"""
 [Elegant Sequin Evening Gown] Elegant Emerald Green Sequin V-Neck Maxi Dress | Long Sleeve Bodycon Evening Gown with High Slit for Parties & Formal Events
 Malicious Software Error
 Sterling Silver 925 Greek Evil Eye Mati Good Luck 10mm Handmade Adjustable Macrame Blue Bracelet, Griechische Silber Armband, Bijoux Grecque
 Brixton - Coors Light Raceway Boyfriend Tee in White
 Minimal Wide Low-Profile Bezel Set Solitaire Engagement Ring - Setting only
"""
"""
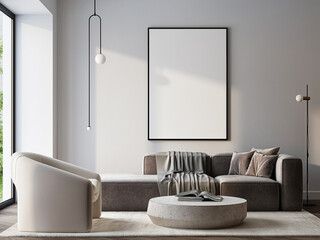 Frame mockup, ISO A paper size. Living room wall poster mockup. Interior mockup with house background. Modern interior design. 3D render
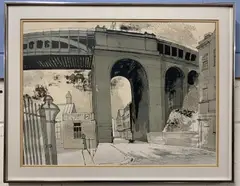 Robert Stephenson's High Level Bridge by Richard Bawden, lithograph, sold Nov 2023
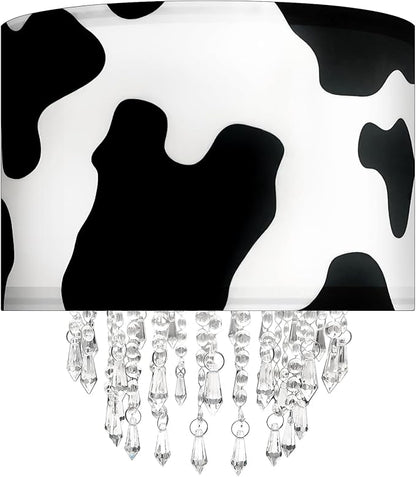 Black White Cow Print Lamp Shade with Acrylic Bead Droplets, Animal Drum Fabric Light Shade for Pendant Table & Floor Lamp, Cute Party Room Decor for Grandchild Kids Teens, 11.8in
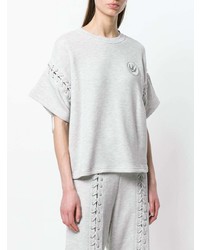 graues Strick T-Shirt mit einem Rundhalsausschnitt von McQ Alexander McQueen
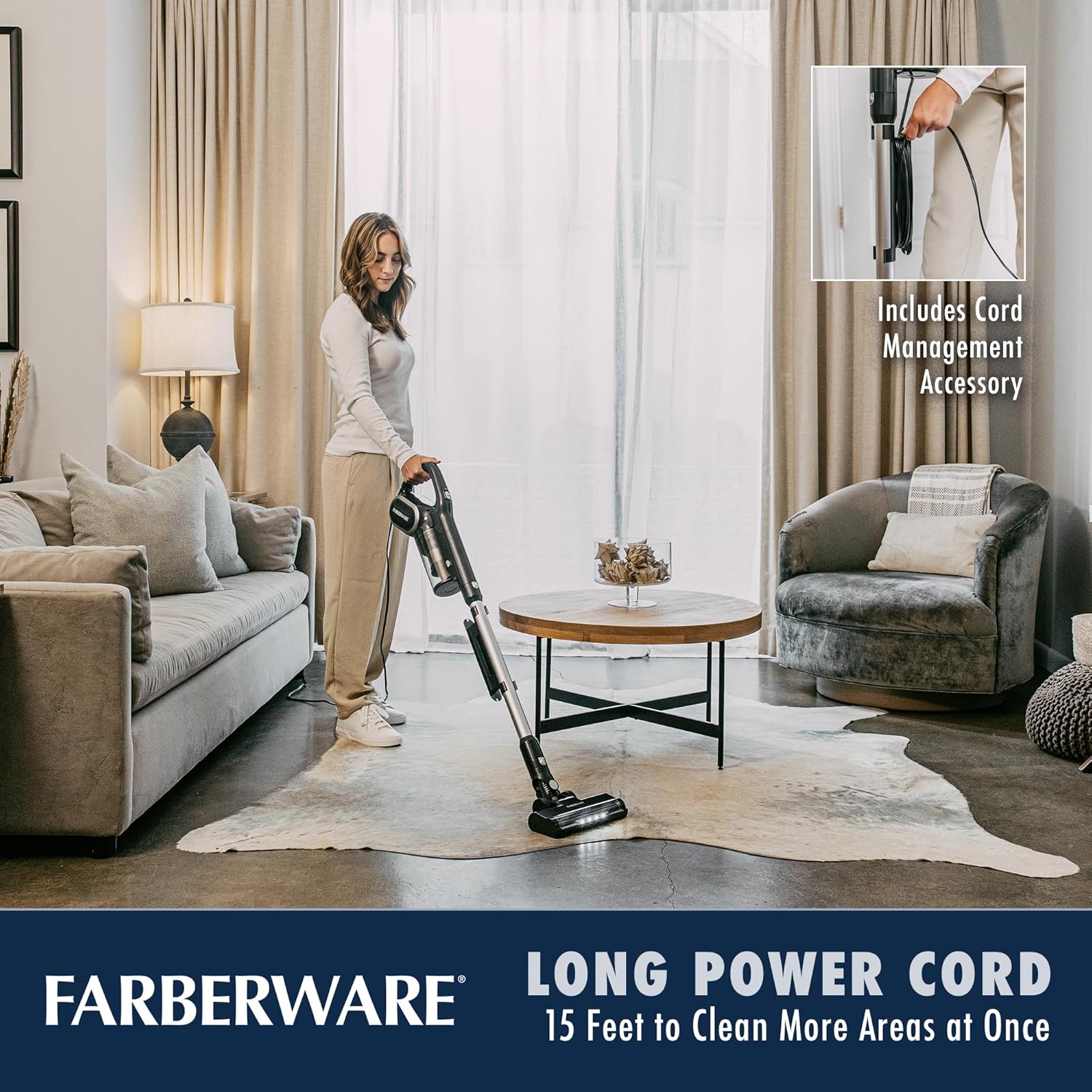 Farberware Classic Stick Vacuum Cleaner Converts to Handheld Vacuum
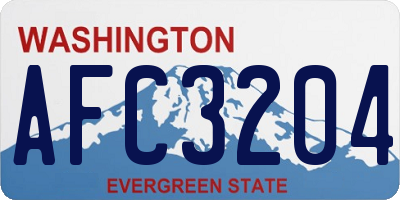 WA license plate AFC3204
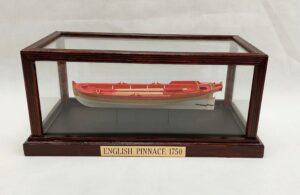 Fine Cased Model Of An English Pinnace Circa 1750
"""
- _Exercise_
Nothing but the lines from the one with "Black White Cow" up to and including the one with "Fine Cased Model" should be printed, exactly as they read above. Please keep the pictures out.

- _Task result_
 Black White Cow Print Lamp Shade with Acrylic Bead Droplets, Animal Drum Fabric Light Shade for Pendant Table & Floor Lamp, Cute Party Room Decor for Grandchild Kids Teens, 11.8in
 graues Strick T-Shirt mit einem Rundhalsausschnitt von McQ Alexander McQueen
 Farberware Classic Stick Vacuum Cleaner Converts to Handheld Vacuum
 WA license plate AFC3204
 Fine Cased Model Of An English Pinnace Circa 1750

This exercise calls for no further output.